# [THE RECORDS]
---*---
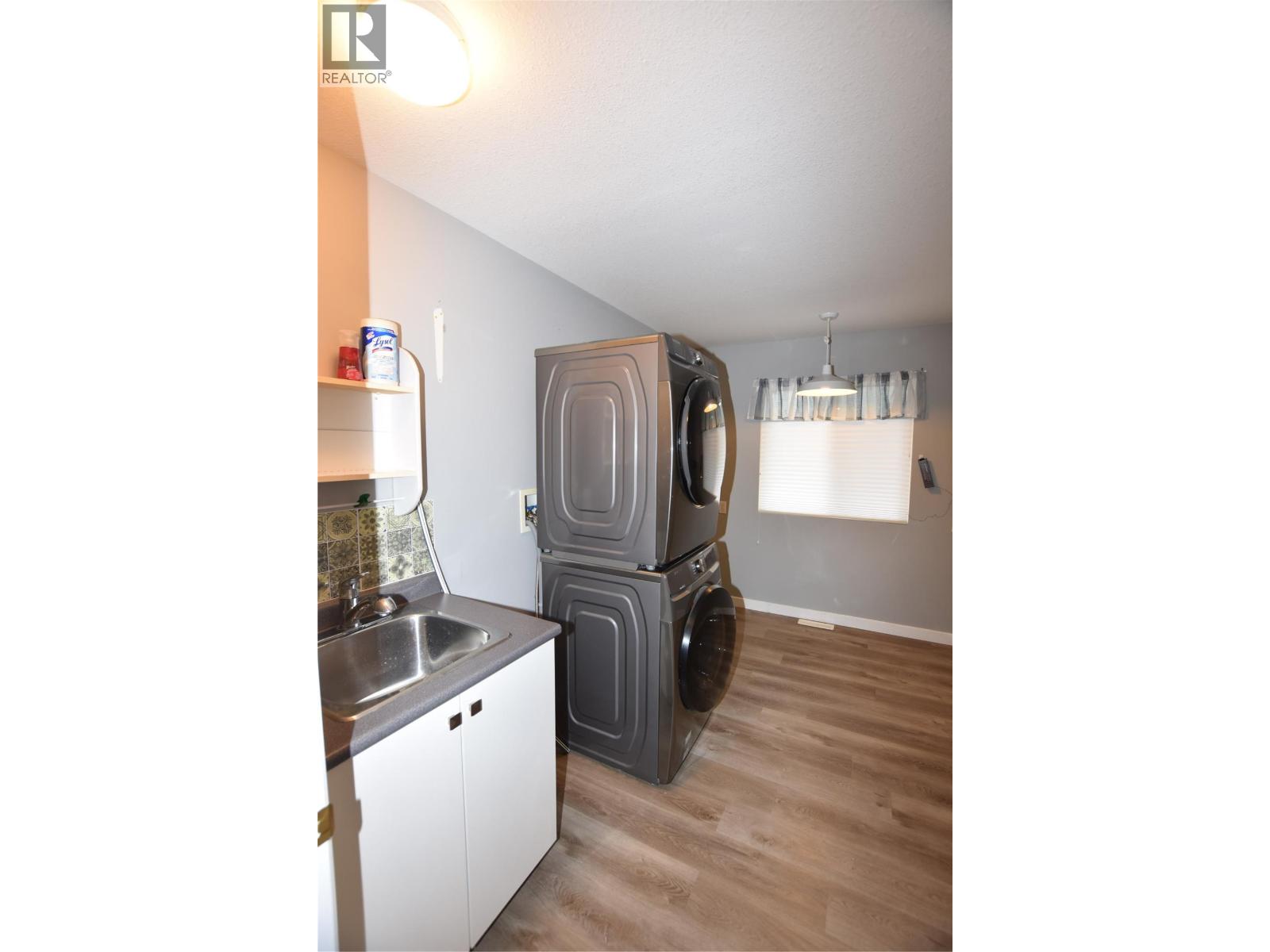 145 Falcon Avenue, Vernon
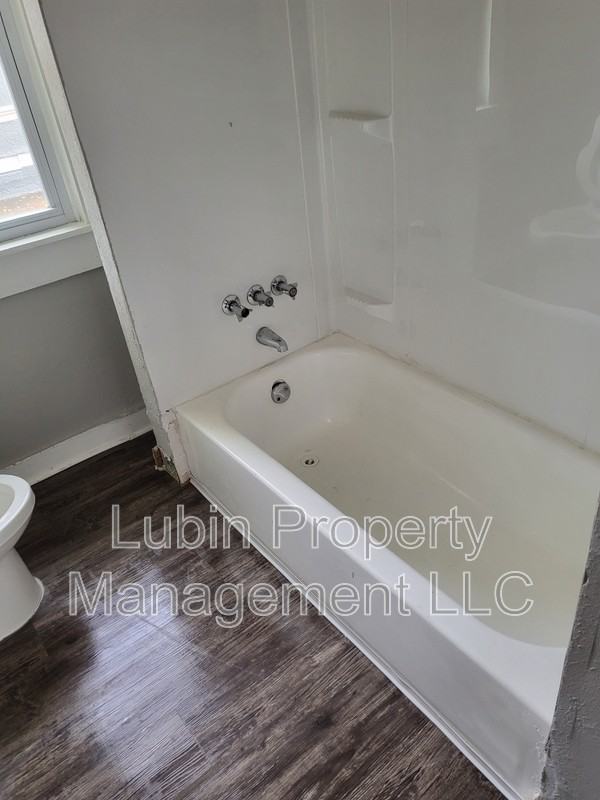 1628 E Mclemore Ave - Photo 7 of 10
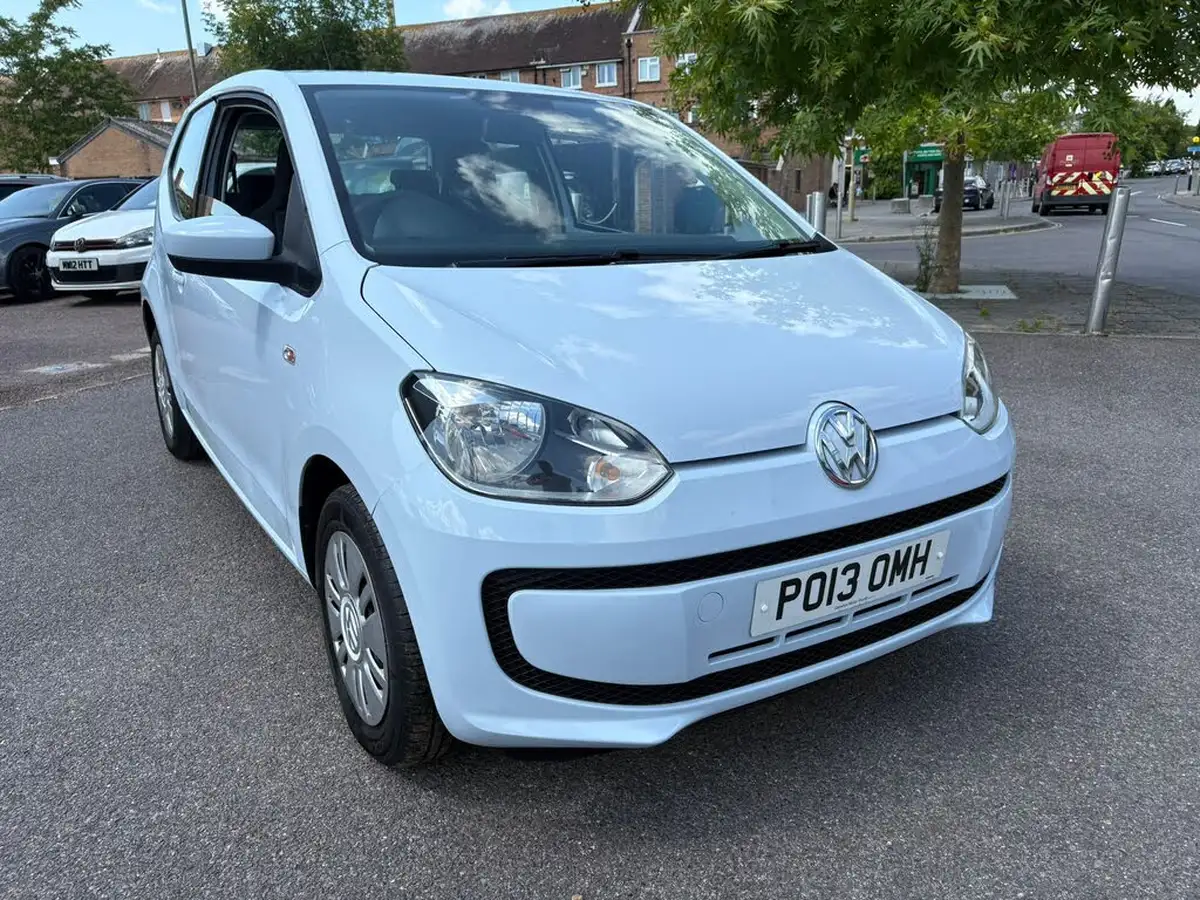 2013-volkswagen-up-10-move-up-59bhp-3d-big-0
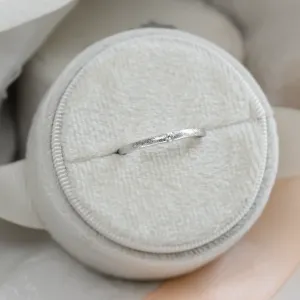 Minimalistický zásnubní prsten CHER Thumbnail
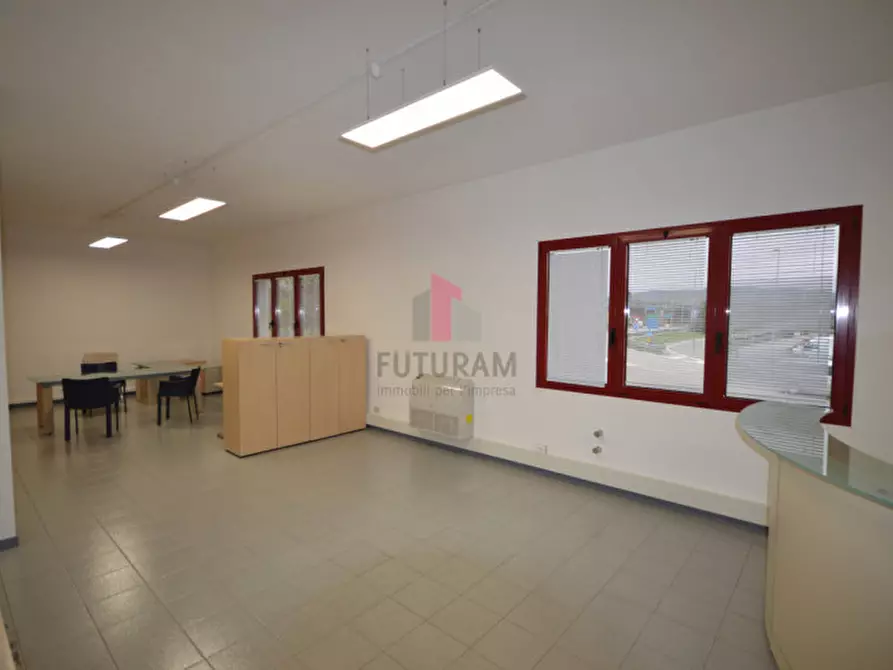 Immagine 14 di Ufficio in affitto  in via degli alpini a Torri Di Quartesolo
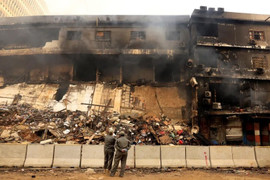 Cháy trung tâm thương mại ở Pakistan: Ít nhất 14 người thiệt mạng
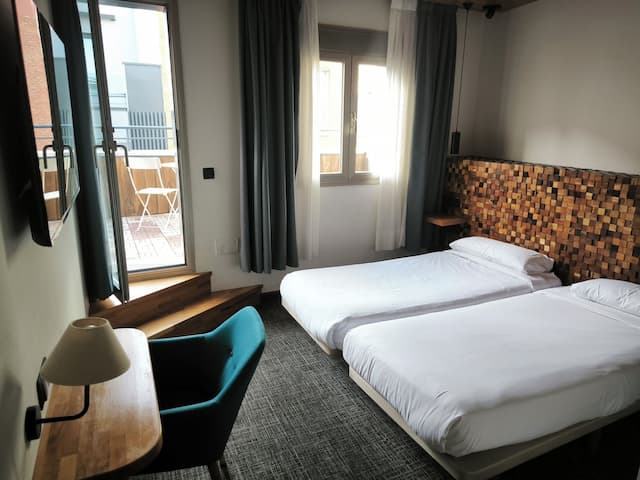 ファー ホーム ベルナベウ-スーペリア ツインルーム-1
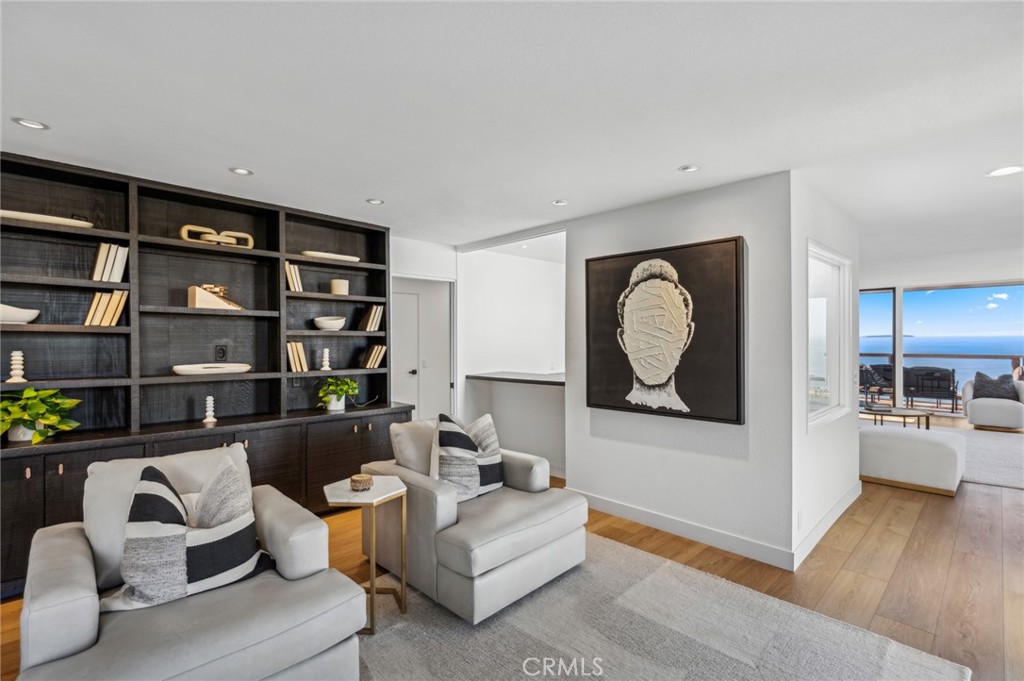 1339 La Mirada Street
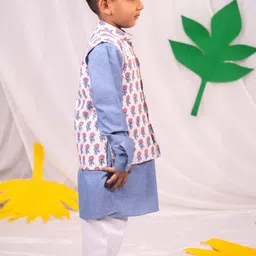 VASTRAMAY Boys Regular Kurta & Pyjamas With Printed Nehru Jacket image 3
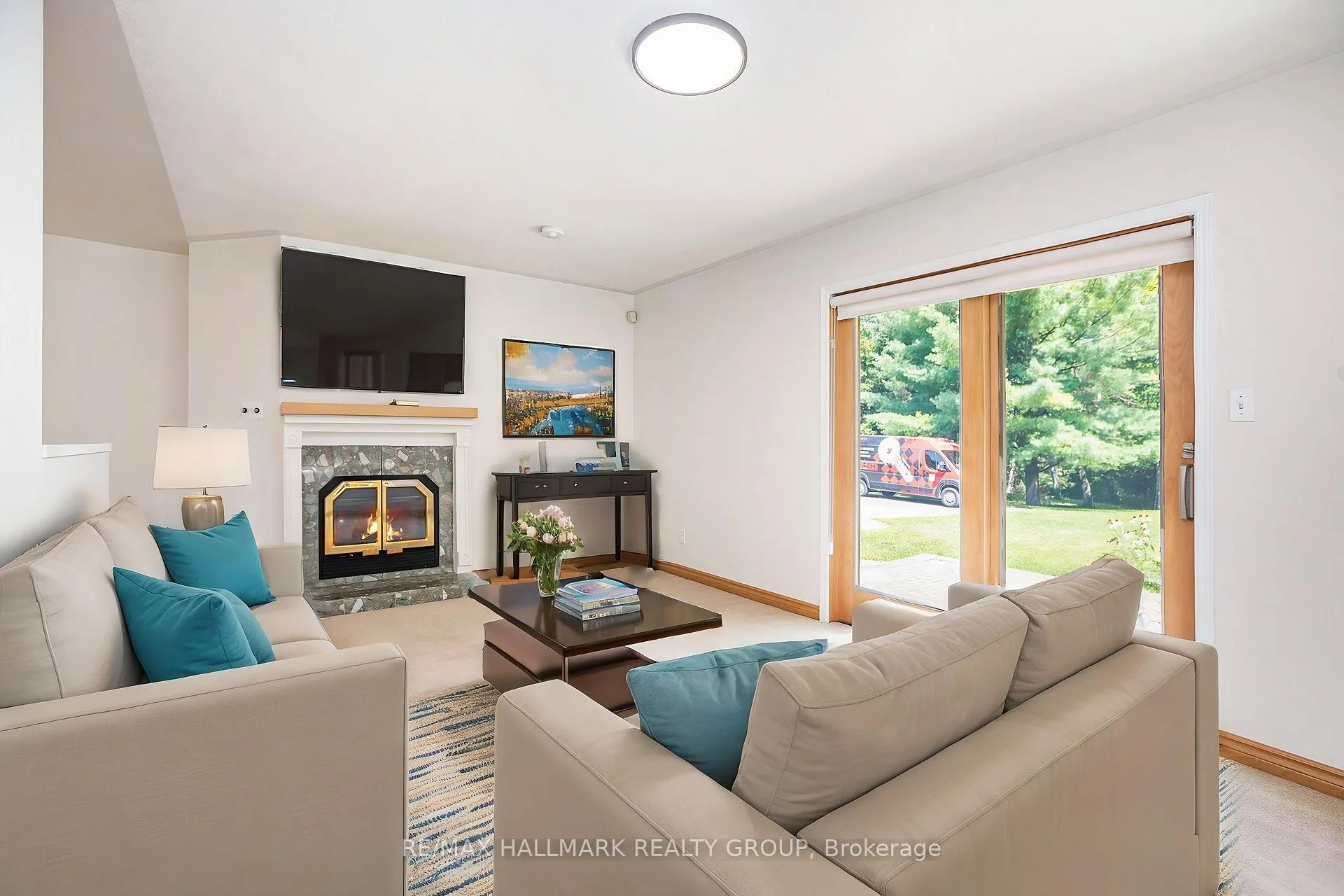 Photo 9 of 4196 Piperville Road, Ottawa, Carlsbad Springs — HOMEH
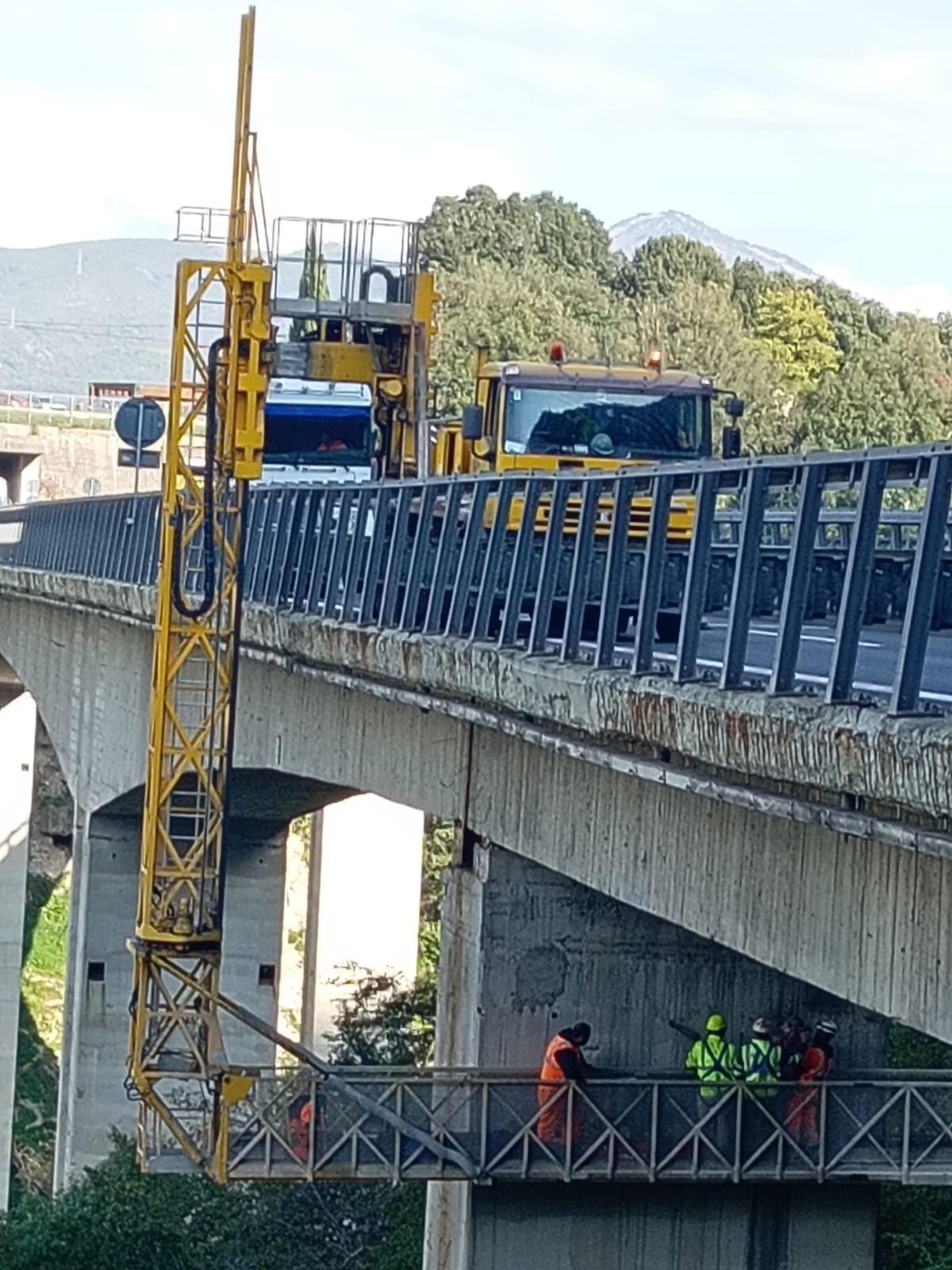 noleggio piattaforma by bridge sottoponte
---*---
# [WHAT TO WORK ON]
Where images occur in the data above, leave them out and repeat everything else exactly.

# [EXERCISE SOLUTION]
 145 Falcon Avenue, Vernon
 1628 E Mclemore Ave - Photo 7 of 10
 2013-volkswagen-up-10-move-up-59bhp-3d-big-0
 Minimalistický zásnubní prsten CHER Thumbnail
 Immagine 14 di Ufficio in affitto  in via degli alpini a Torri Di Quartesolo
 Cháy trung tâm thương mại ở Pakistan: Ít nhất 14 người thiệt mạng
 ファー ホーム ベルナベウ-スーペリア ツインルーム-1
 1339 La Mirada Street
 VASTRAMAY Boys Regular Kurta & Pyjamas With Printed Nehru Jacket image 3
 Photo 9 of 4196 Piperville Road, Ottawa, Carlsbad Springs — HOMEH
 noleggio piattaforma by bridge sottoponte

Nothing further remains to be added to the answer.